Archive for April, 2006

04/16 Reminds me something…

Foreword / Politeness

Please, when in the classroom

  • do not wear a cap, a hat or anything on your head,
  • do not eat or drink,
  • do not chew gum,
  • switch your mobile phone off.

When I taught in a Korean University, I enforced the same basic rules. But I wasn’t as nice… It is telling that [young] adults have to be told to follow basic politeness rules.

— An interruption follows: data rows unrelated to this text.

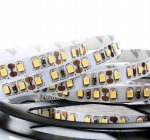 Pronett LED SMD opasok, AC adaptér, studená biela 5 m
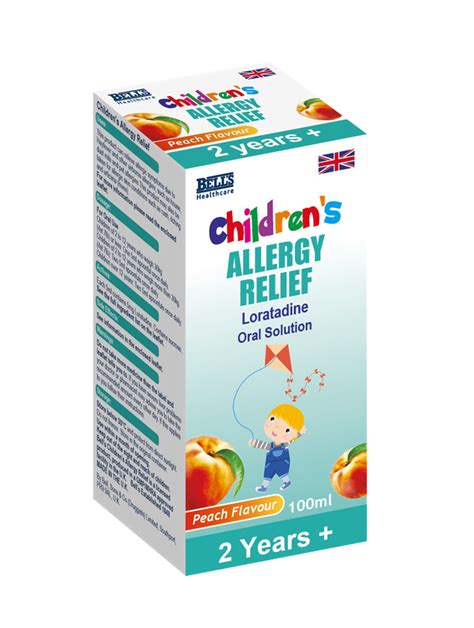 New Childrens Allergy Relief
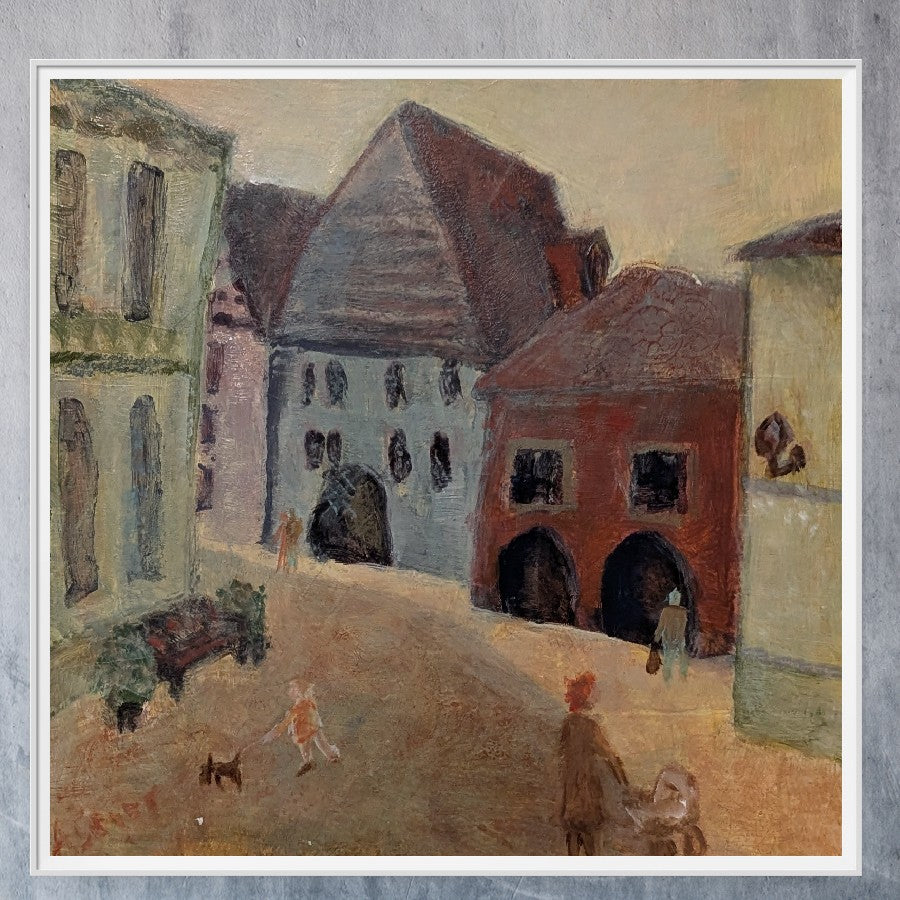 Old town at noon - Sopron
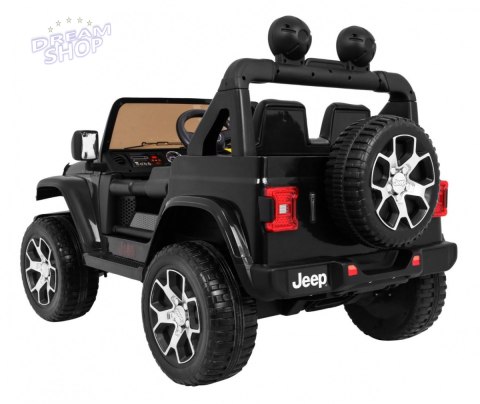 Pojazd Jeep Wrangler Rubicon Czarny Pojazd Jeep Wrangler Rubicon Czarny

04/13 The Morris-Pratt algorithm

I put all the bits together, and it would be too much pretified Erlang code than necessary [and while highlight is nice, it produces monster amounts of HTML/CSS cruft]. Instead, get the code here. That thing seems to work, from preliminary tests – not that I don’t trust either the algorithm or Christian, but rather my Erlang coding skillz… – and I might rewrite that monster in a more user-friendly language, like RB.

Now I should really try and understand how it works. I think I have a vague understanding, but it’d be better if the legs I’m standing on weren’t that shaky…

Update
The code has been updated to reflect changes in the coursework. Apparently I flat-footed on some errors in the algorithms. Happy to be of some help :-)

Erlang

04/12 Beta

Two new Erlang functions here, beta/2 which calculates the β function at offset n, and allBetas/1, which computes all β and returns them in a list [could be a tuple if you want :-) ]

-module(rinder).
-compile(export_all).
beta(X,0) -> -1;
beta(X,1) -> 0;
beta(X,J) ->
 I= 1+beta(X,J-1),
 Cond=element(I,X),
 Cond2=element(J,X),
 case Cond of
  Cond2 -> I;
  _ -> beta(X,I)
 end.

allBetas(X) ->
 XX=list_to_tuple(X),
 allBetas(XX,[-1,0],2,size(XX)).
allBetas(X,Acc,J,M) when J>M->
 Acc;
allBetas(X,Acc,J,M) ->
 I=1+beta(X,J-1),
 Cond=element(I,X),
 Cond2=element(J,X),
 case Cond of
  Cond2 ->
   allBetas(X,lists:flatten([Acc,I]),J+1,M);
  _ ->
   allBetas(X,lists:flatten([Acc,element(I+1,list_to_tuple(Acc))]),J+1,M)
 end.

log_to_screen(A,B) -> io:format(A,B).

 rinder:beta(list_to_tuple("abacabac"),3).
1

Yes I know too lazy to provide a conversion from list to tuple. Next time…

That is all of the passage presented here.